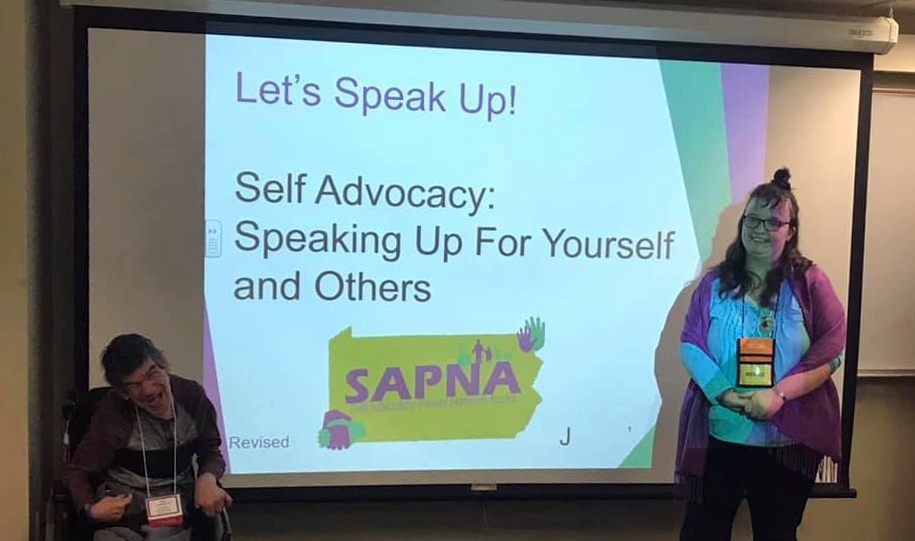  Two smiling people, one standing, the other using a wheelchair, at the front of a room next to a projector screen that reads “Let’s Speak Up! Self Advocacy: Speaking Up for Yourself and Others.” One with short dark hair, a gray and black shirt and gray pants, the other with long light brown hair, glasses, a purple sweater, light blue shirt, and black pants.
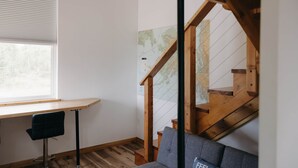 Ein Zimmer mit einem Holztisch, einem schwarzen Stuhl, einem grauen Sofa und einer Holztreppe. An der Wand hängt eine Karte.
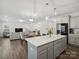 Open-concept living space with hardwood floors, neutral paint and large windows, perfect for Gathering gatherings at 124 Benford Dr, Troutman, NC 28166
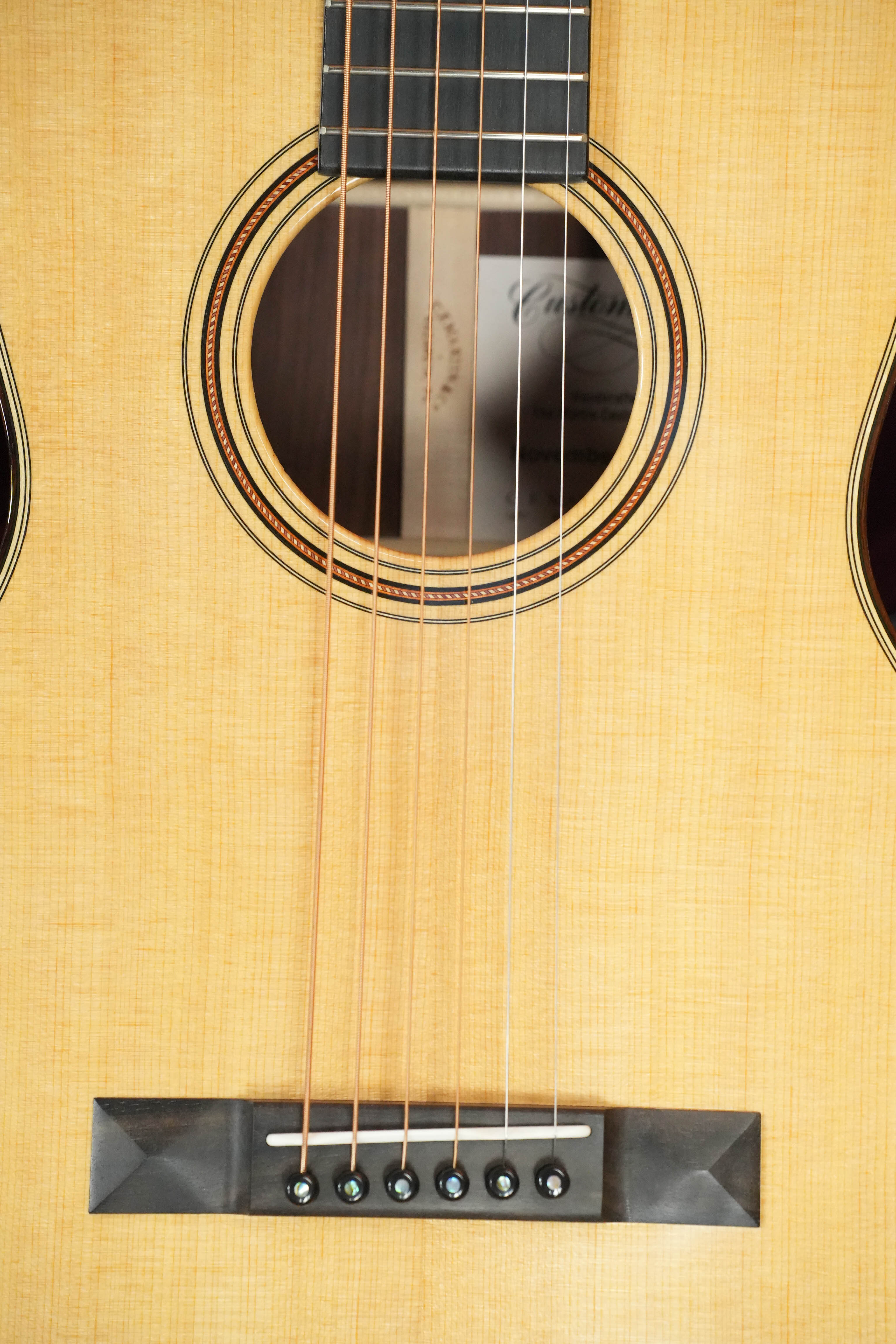Close-up of a Martin & Co. Custom Shop Sitka/Rosewood Acoustic Guitar #6904 body, showcasing six strings, a decorative rosette sound hole, and a Guatemalan rosewood bridge with six pins securing the strings.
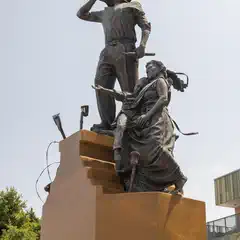 A statue of a man and woman, possibly depicting a historical event or figures, atop a pedestal with trees in the background.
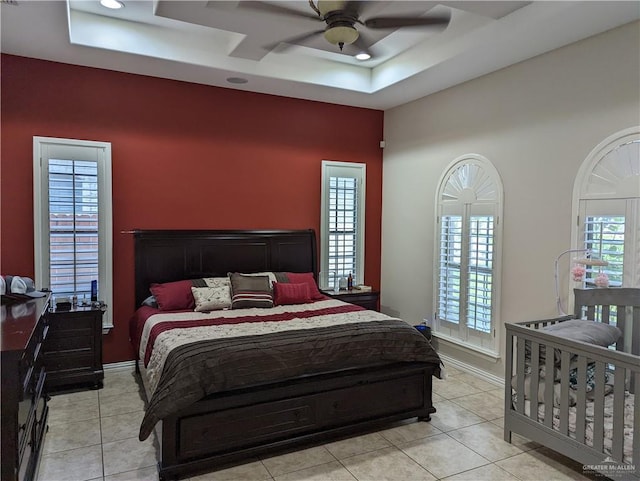 bedroom with light tile patterned floors, multiple windows, and ceiling fan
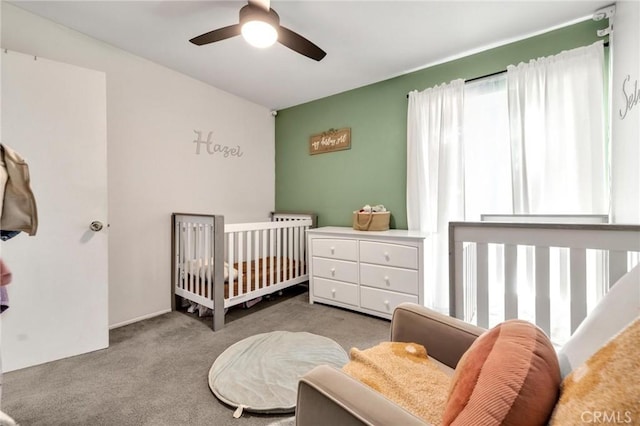 carpeted bedroom with a nursery area and ceiling fan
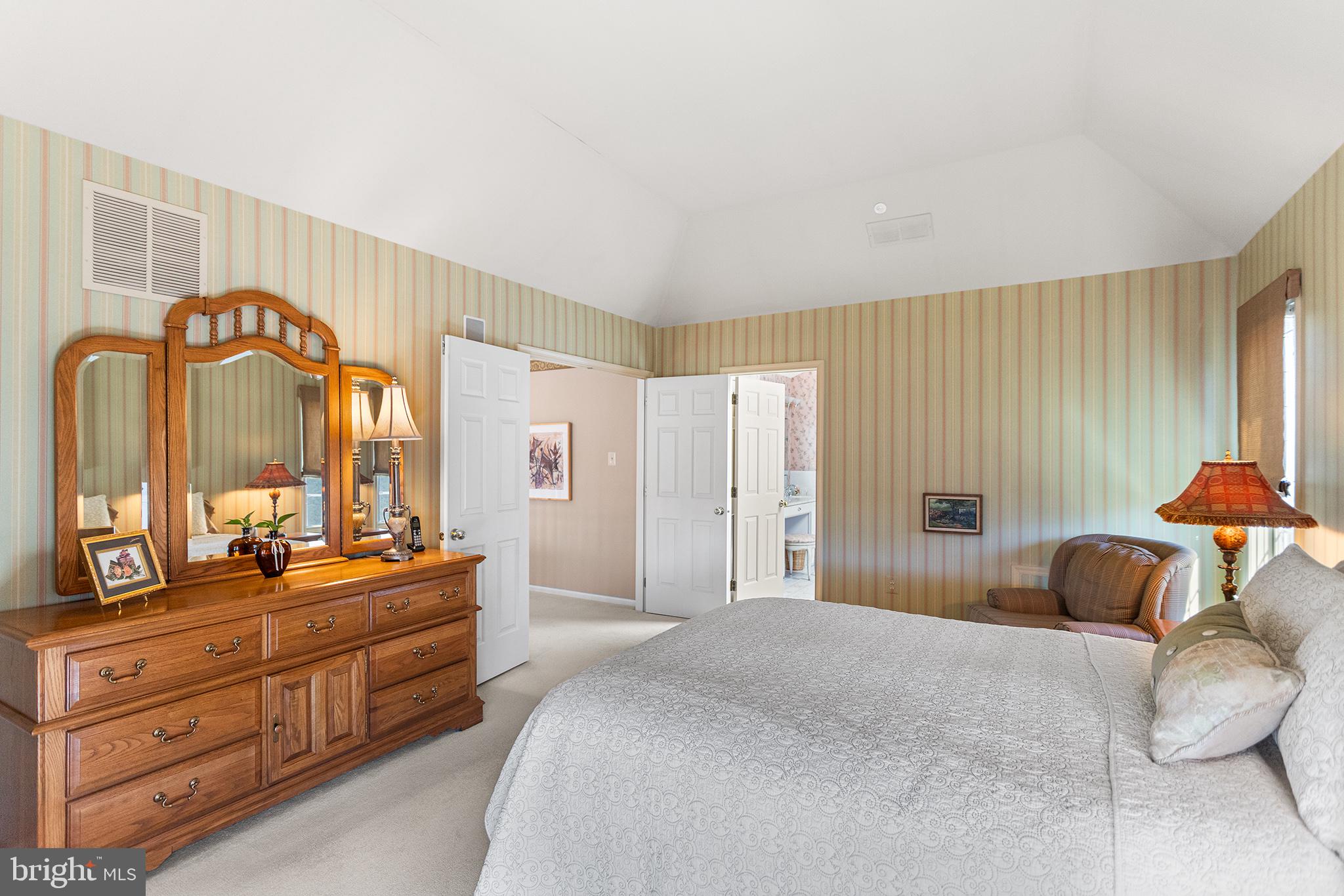 16 Riders Run Newtown Square, PA 19073 - Photo 23 of 49 a bedroom with a bed and a large mirror on dresser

__________

- **EXERCISE INSTRUCTIONS**: All entries above are to be set down word for word, and the pictures are to be left out.

- **TASK OUTPUT**:
  Two smiling people, one standing, the other using a wheelchair, at the front of a room next to a projector screen that reads “Let’s Speak Up! Self Advocacy: Speaking Up for Yourself and Others.” One with short dark hair, a gray and black shirt and gray pants, the other with long light brown hair, glasses, a purple sweater, light blue shirt, and black pants.
 Ein Zimmer mit einem Holztisch, einem schwarzen Stuhl, einem grauen Sofa und einer Holztreppe. An der Wand hängt eine Karte.
 Open-concept living space with hardwood floors, neutral paint and large windows, perfect for Gathering gatherings at 124 Benford Dr, Troutman, NC 28166
Close-up of a Martin & Co. Custom Shop Sitka/Rosewood Acoustic Guitar #6904 body, showcasing six strings, a decorative rosette sound hole, and a Guatemalan rosewood bridge with six pins securing the strings.
 A statue of a man and woman, possibly depicting a historical event or figures, atop a pedestal with trees in the background.
 bedroom with light tile patterned floors, multiple windows, and ceiling fan
 carpeted bedroom with a nursery area and ceiling fan
 16 Riders Run Newtown Square, PA 19073 - Photo 23 of 49 a bedroom with a bed and a large mirror on dresser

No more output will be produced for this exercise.